I’ve been eyeing this recipe since I got my copy of Recipes From the Root Cellar last June. But what with our cross-country move and baby and all, I never got a chance to make it last summer.
But since June is nearly over, I decided it was finally time to carpe diem and I cooked up a big ol’ pot of these lovely beans a few days ago as part of my Fourth of July Feast. These vegetarian beans make a nice addition to any party (particularly one where there may be a ton of grilled meat served) so that non-flesh-eating brothers and sisters need not suffer any protein-deprivation.
I used kidney beans since I had a bunch of them in the pantry but I think that I might go with pintos next time around since they’re even creamier.
After the soaking comes the cooking.

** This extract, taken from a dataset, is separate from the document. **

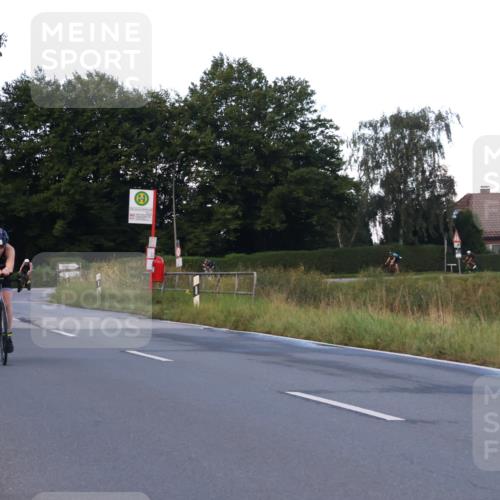 25.08.2024 - Elbe Triathlon Hamburg Fuchs,  Jonas http://msf.ph/oto/6838297 25.08.2024 08:53:08 Radfahren 110, 153, 117, 139, 38 meine-sportfotos.de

It’s crucial to cook the beans to your desired softness before adding the other ingredients since the acid in the tomatoes will stop the beans from softening any further, no matter how long you cook ‘em.
Then you add the other ingredients (tomatoes, molasses, chipotles, onion, garlic, etc.,) and move the beans into the oven to bake for several hours. Mine had to shove over to make room for the cornbread for a little while but they seemed to get along just bee-yoo-ti-fully in spite of the cramped quarters and heated atmosphere.

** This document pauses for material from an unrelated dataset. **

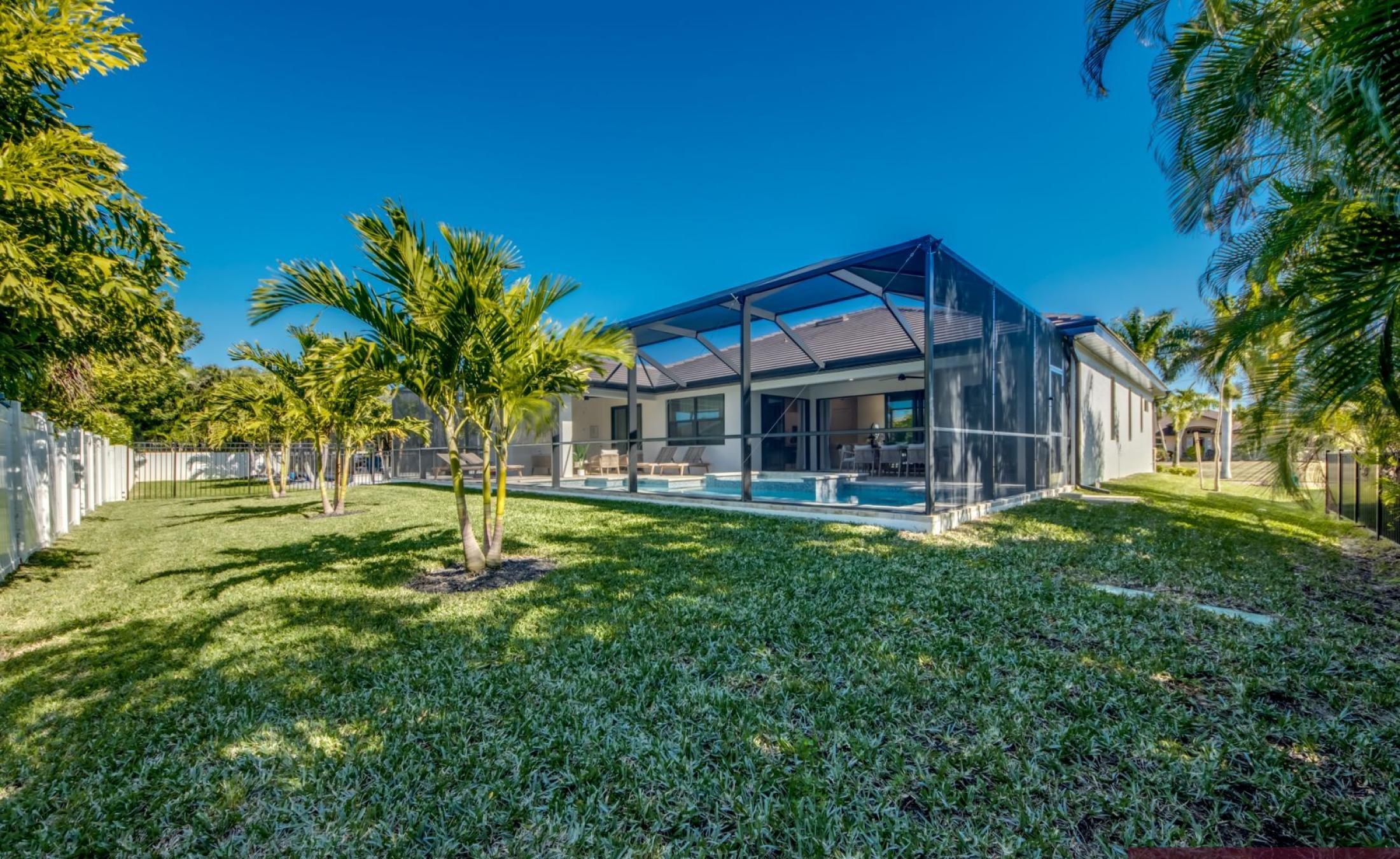 Elektrisch beheizter Pool mit Spa/Jacuzzi auf der sonnigen Terrasse.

Like any dish made with dried beans, a little forethought is required to allow time for the beans to soak overnight and for the long cooking required to render them soft, creamy and flavorful. Otherwise, the process is a breeze! And, of course, if you’re in a rush, you could use canned beans (I promise I won’t tell the foodie police if you do.) If you want to go that route, just substitute three 15-oz cans of pinto or kidney beans, drained and rinsed and begin at step two in the directions below.

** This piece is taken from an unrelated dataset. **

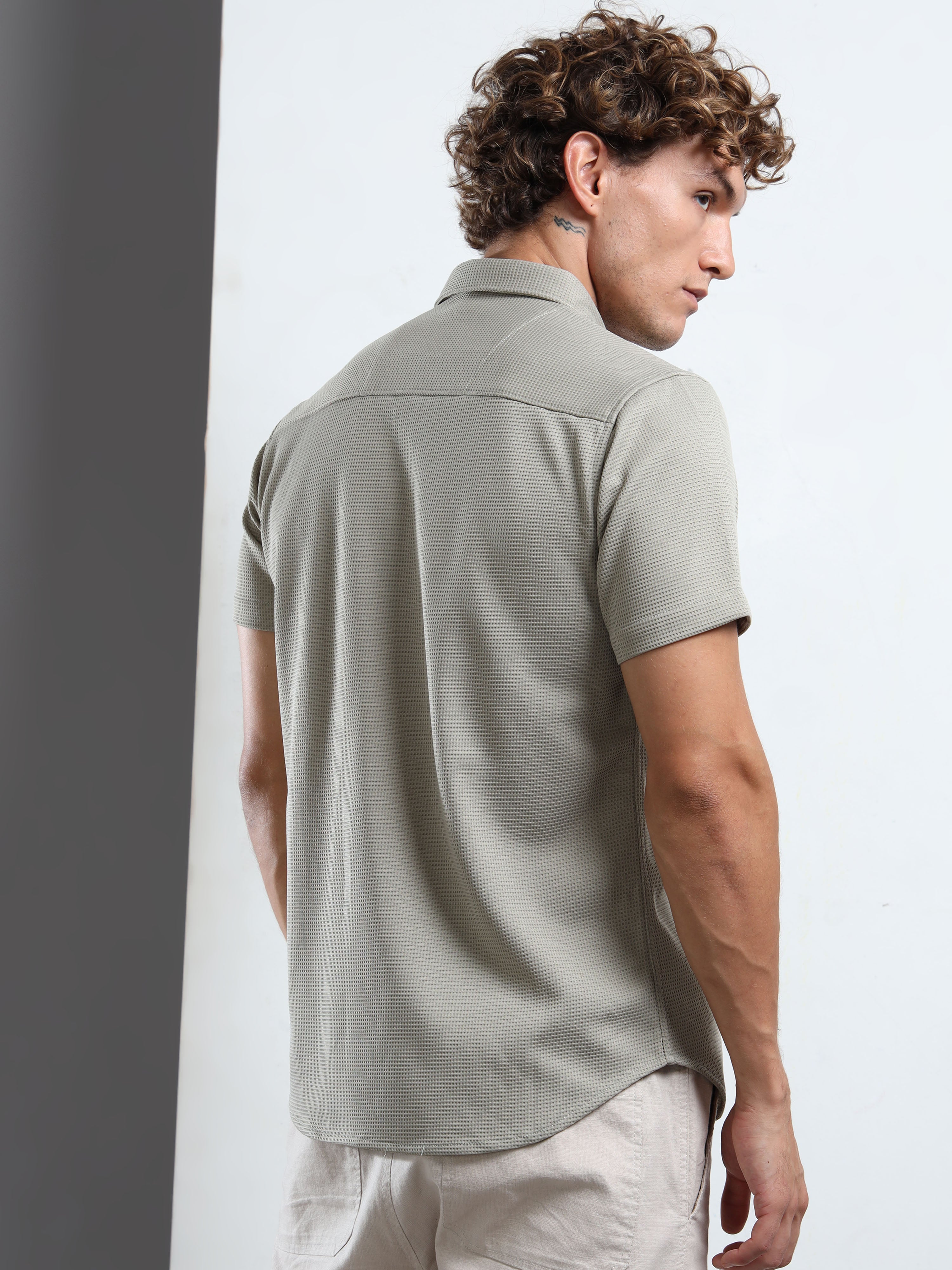 Men's Olive Green Textured Short Sleeve Casual Shirt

These beans are delicious with coleslaw, cornbread and a green salad.
Smoky-Spicy-Sweet Barbecue Baked Beans
* 2 cups dried pinto or kidney beans, soaked overnight and drained
* 6 cups water
* 1 onion, thinly sliced
* 4 garlic cloves, minced or pressed
* 1 1/2 cups (1 15 oz can or jar) strained or pureed tomatoes or unseasoned tomato sauce
* 1/3 cup firmly packed brown sugar
* 2 Tbsps minced chipotle pepper canned in adobo sauce
* 2 Tbsps soy sauce
1. Combine the beans with the water in a large saucepan. Bring to a boil, then reduce the heat slightly and boil gently, covered for 1 to 1 1/2 hours, until the beans are completely tender. Do not undercook; the beans will not soften further once they’re combined with the tomatoes.
2. Preheat the oven to 300 F. Using a slotted spoon, transfer the beans to a large oven-safe pot with lid or covered casserole dish. Add the onion, garlic, tomato puree, brown sugar, chipotles and soy sauce and stir to combine evenly.
3. Cover and bake for 2 to 3 hours, until the sauce is a nice thick consistency. If necessary, you can remove the lid during the last 30 minutes to allow more of the liquid to cook off. Serve hot.